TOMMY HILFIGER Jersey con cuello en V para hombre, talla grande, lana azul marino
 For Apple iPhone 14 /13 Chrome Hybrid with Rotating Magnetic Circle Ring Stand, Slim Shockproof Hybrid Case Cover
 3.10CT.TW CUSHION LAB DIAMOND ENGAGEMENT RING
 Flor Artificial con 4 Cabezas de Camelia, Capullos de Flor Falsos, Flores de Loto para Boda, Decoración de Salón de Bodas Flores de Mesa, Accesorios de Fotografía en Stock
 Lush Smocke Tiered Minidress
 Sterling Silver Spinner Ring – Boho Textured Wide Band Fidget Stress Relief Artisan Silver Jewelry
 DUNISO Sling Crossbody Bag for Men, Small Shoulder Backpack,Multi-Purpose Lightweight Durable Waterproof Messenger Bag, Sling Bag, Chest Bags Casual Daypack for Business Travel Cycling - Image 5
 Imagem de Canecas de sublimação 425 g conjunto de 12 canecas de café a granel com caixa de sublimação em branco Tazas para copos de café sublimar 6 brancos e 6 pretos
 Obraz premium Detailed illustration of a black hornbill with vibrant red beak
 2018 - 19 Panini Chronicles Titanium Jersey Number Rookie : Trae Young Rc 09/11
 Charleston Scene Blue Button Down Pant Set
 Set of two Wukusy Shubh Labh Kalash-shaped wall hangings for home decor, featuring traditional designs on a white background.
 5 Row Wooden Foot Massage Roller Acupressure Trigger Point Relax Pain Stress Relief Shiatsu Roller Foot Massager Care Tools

::::::

▶ _Task brief_
For the records above, state how many lines include the string "Stress", giving the number and nothing else.

▶ _Solution for this exercise_
2